Pinilla explicou que nessas regiões, partículas muito pequenas podem ser continuamente recriadas e reabastecidas por colisões destrutivas em andamento. Esses minúsculos grãos de tamanho micrométrico podem ser facilmente elevados para as camadas superiores da nuvem achatada de material formador de estrelas que circunda uma estrela infantil, chamada de disco protoplanetário.
Uma vez aqui, Pinilla disse que essas partículas podem receber a quantidade certa de irradiação de sua estrela bebê para converter eficientemente essas minúsculas partículas geladas em matéria macromolecular complexa.
Replicando os primeiros dias do sistema solar em laboratório
Estrelas como o sol nascem quando manchas superdensas se formam em nuvens massivas de gás e poeira interestelar. Tornando-se primeiro uma protoestrela, o corpo estelar infantil reúne matéria do que resta de sua nuvem de nascimento, acumulando a massa necessária para desencadear a fusão nuclear de hidrogênio em hélio em seus núcleos. Este é o processo que define a vida útil da “sequência principal” de uma estrela, que para uma estrela com cerca de 10 bilhões de anos.
Esta estrela jovem é cercada por um disco protoplanetário, que é material que não foi consumido durante sua criação e ascensão à sequência principal. Como o nome sugere, é desse material e dentro do disco que as plantas se formam, mas também é responsável pela origem de cometas e asteroides.

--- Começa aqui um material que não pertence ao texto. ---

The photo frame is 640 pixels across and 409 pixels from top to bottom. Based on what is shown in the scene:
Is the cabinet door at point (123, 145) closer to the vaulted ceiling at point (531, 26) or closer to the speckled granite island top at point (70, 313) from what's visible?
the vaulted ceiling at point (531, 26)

Nosso sistema solar passou por esse processo de criação há cerca de 4,5 bilhões de anos.
Pesquisas anteriores conduzidas em laboratórios aqui na Terra indicaram que quando esses discos protoplanetários são irradiados com luz estelar, moléculas complexas de centenas de átomos podem se formar dentro deles. Essas moléculas são construídas principalmente de carbono e são semelhantes à fuligem preta ou ao grafeno.
Armadilhas de poeira são locais de alta pressão em discos protoplanetários onde o movimento das moléculas é desacelerado, e grãos de poeira e gelo podem se acumular. As velocidades mais lentas nessas áreas podem permitir que os grãos cresçam e, na maior parte, evitar colisões que causam fragmentação. Isso significa que eles podem ser essenciais para a formação de planetas.

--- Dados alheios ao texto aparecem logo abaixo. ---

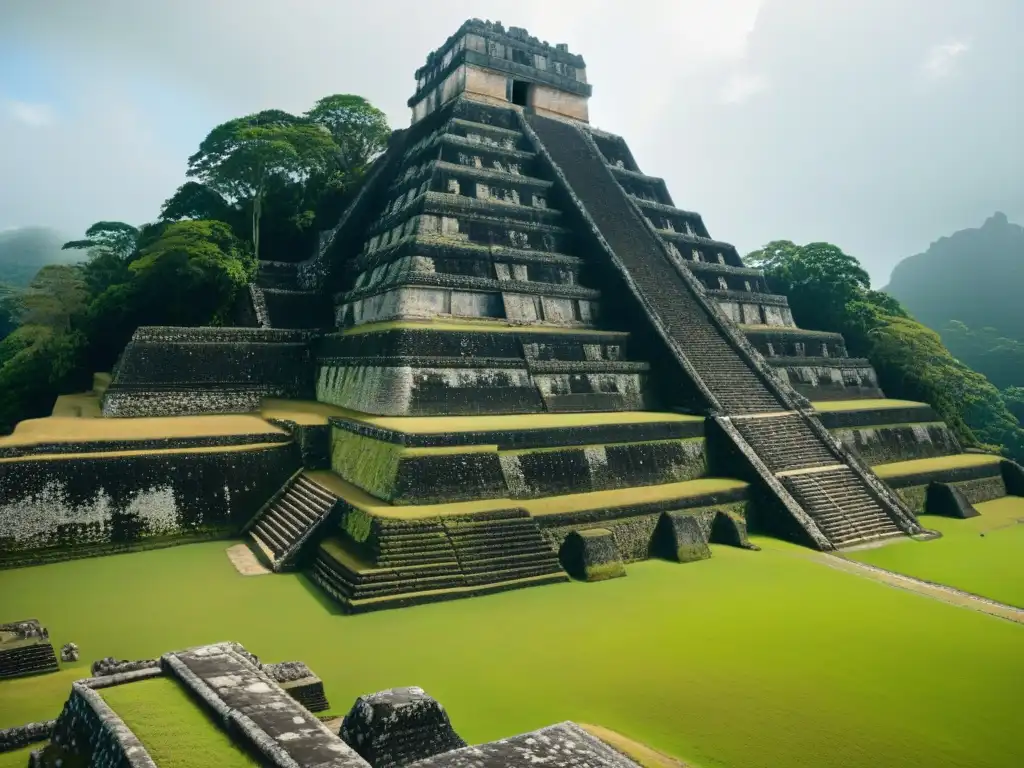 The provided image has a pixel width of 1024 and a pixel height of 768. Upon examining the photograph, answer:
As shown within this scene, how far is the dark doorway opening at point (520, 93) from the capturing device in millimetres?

A equipe queria saber se a radiação que a luz das estrelas traz para essas áreas poderia causar a formação de macromoléculas complexas, usando modelagem computacional para testar essa ideia. O modelo foi baseado em dados observacionais coletados pelo Atacama Large Millimeter/submillimeter Array (ALMA), um conjunto de 66 radiotelescópios no norte do Chile.
“Nossa pesquisa é uma combinação única de astroquímica, observações com ALMA, trabalho de laboratório, evolução de poeira e o estudo de meteoritos do nosso sistema solar”, disse o membro da equipe Nienke van der Marel da Universidade de Leiden. “É realmente muito legal que agora possamos usar um modelo baseado em observação para explicar como moléculas grandes podem se formar.”

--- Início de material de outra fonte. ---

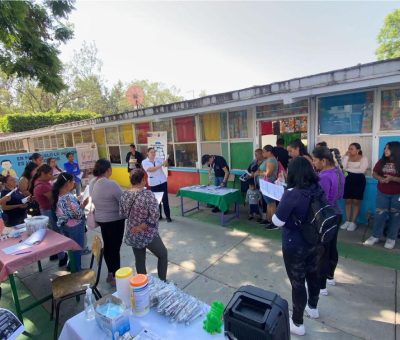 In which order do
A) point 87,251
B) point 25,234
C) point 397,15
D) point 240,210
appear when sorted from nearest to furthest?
point 25,234
point 87,251
point 240,210
point 397,15

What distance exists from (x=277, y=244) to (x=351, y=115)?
2951mm

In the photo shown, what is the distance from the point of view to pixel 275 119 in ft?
20.1

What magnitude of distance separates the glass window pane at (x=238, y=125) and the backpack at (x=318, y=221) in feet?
15.1

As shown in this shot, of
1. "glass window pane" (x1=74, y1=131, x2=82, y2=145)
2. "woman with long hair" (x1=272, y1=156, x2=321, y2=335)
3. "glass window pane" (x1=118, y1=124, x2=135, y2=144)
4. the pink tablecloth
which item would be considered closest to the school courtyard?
"woman with long hair" (x1=272, y1=156, x2=321, y2=335)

O modelo revelou à equipe que a criação de macromoléculas em armadilhas de poeira é uma ideia viável.
“Esperávamos por esse resultado, é claro, mas foi uma surpresa agradável que fosse tão óbvio”, disse o líder da equipe Niels Ligterink, da Universidade de Berna. “Espero que os colegas prestem mais atenção ao efeito da radiação pesada em processos químicos complexos. A maioria dos pesquisadores se concentra em moléculas orgânicas relativamente pequenas, de algumas dezenas de átomos de tamanho, enquanto os condritos contêm principalmente macromoléculas grandes.”
“Em um futuro próximo, esperamos testar esses modelos com mais experimentos e observações de laboratório usando telescópios poderosos como o Atacama Large Millimeter Array (ALMA)”, concluiu Pinilla.
A pesquisa da equipe foi publicada na terça-feira (30 de julho) na revista Nature Astronomy.
Originalmente publicado em Espaço.com.